N.Y. Program: Fashion Goes Underground

A Uniqlo store in a subway station? The kind of place where kiosks for magazines and Kit-Kat bars prevail? Talk about culture shock. But the retailer -- whose Manhattan store is on Fifth Avenue, cheek by jowl with high-enders like Armani, Benetton, and Henri Bendel -- is indeed establishing a beachhead underground. It's part of a new program from New York's Metropolitan Transit Authority (MTA) to give retailers short-term leases at station stops.  

The MTA said the pop-up stores, the first of which is Uniqlo's space at the multi-line hub at Union Square, will generate revenue for the authority while it is waiting to fill the spaces with long-term lessees. Uniqlo's outlet opened Tuesday.

The program began, per the authority, with a concept in July featuring a media outlet for independent publishers called The Newsstand, which was given a spot at the Lorimer Street and Metropolitan Avenue station in (where else?) Williamsburg, Brooklyn. 

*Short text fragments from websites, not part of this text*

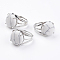 Adjustable Natural Howlite Finger Rings, with Brass Findings, US Size 7 1/4(17.5mm)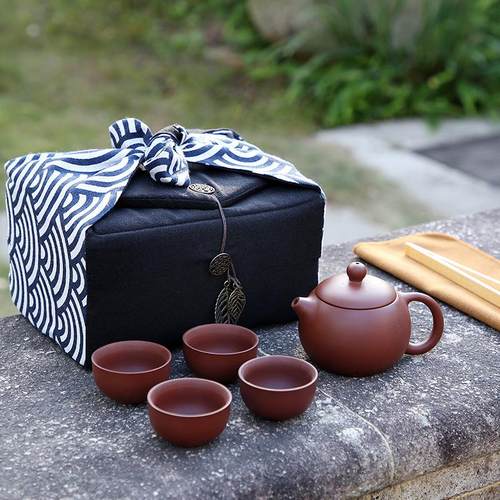 厂家棉麻一壶四杯茶具布袋便携旅行收纳袋茶杯茶壶手提布包可制订
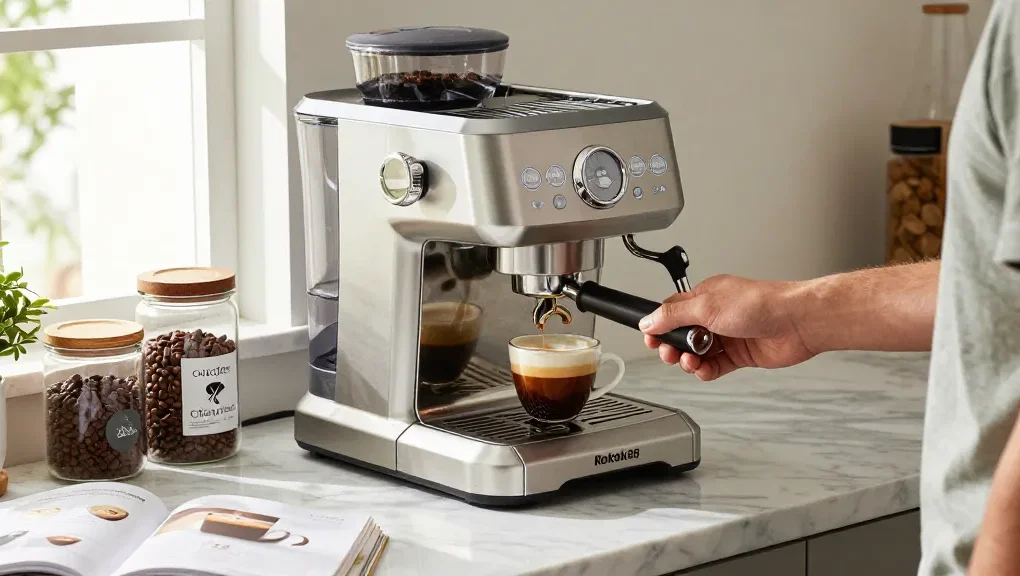 Preparing espresso with the Rokok88 machine in a stylish kitchen.
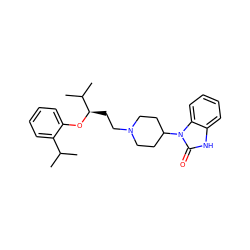 CC(C)c1ccccc1O[C@H](CCN1CCC(n2c(=O)[nH]c3ccccc32)CC1)C(C)C ZINC000028352370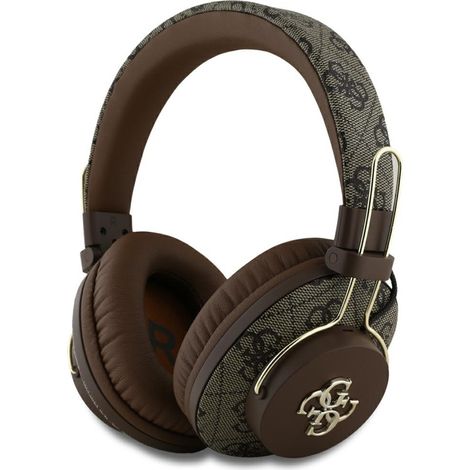 Cuffie circumaurali Guess Bluetooth ENC con logo in metallo 4G, colore marrone. (1/5)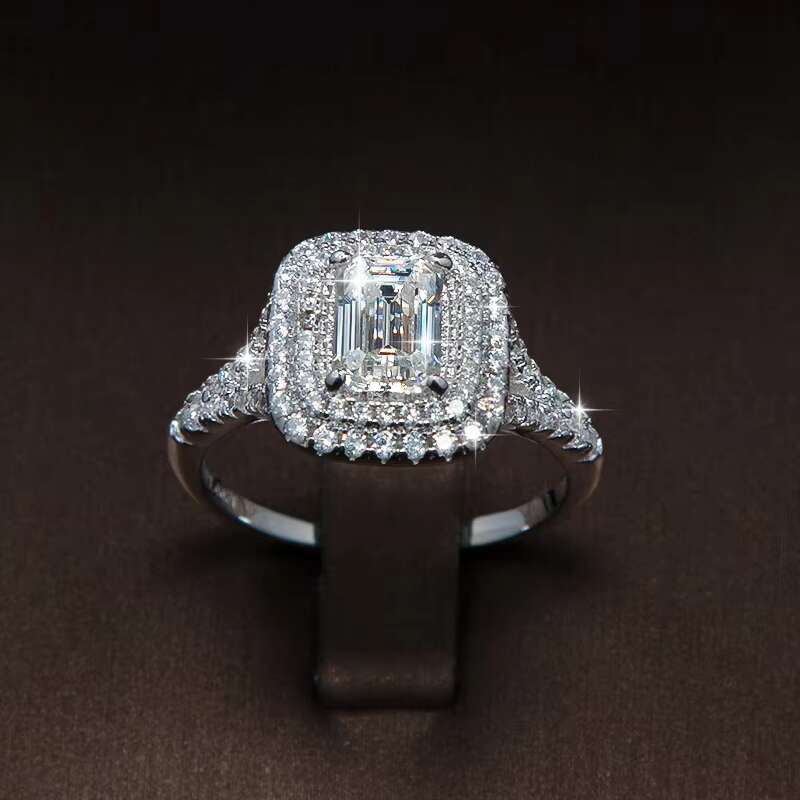 With GRA Certificate S925 Sterling Silver 5*7mm 1ct Emerald Cut Moissanite Ring for Women Engagement Wedding Band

“Our goal is to bring new and exciting shopping experiences to our customers, and we want to provide New Yorkers with the opportunity to shop for cold weather clothing in the subway before they have to head out into the winter weather," said Larry Meyer, COO of the Japanese brand's U.S. division, in a statement.

The MTA says the stores, which are being rented as-is, are meant to be about display, not so much for transactions, to the extent that retail customers will be encouraged, in some cases at least, to make their purchases online or at larger stores off site.

“Pop-up stores will provide a fresh and beneficial element to our stations while also improving the image and desirability of retail space in the subway,” said MTA chairman and CEO Thomas F. Prendergast, in a statement. “This is another example of the MTA working to make better use of its real estate portfolio and improving the subway environment for customers at the same time.”

MTA Real Estate Director Jeffrey B. Rosen added that the program will especially appeal to young riders, who make up a growing percentage of Manhattan's demographic. “They are savvy about shopping online. Retailers want to reach them where they are, which is our subway system.”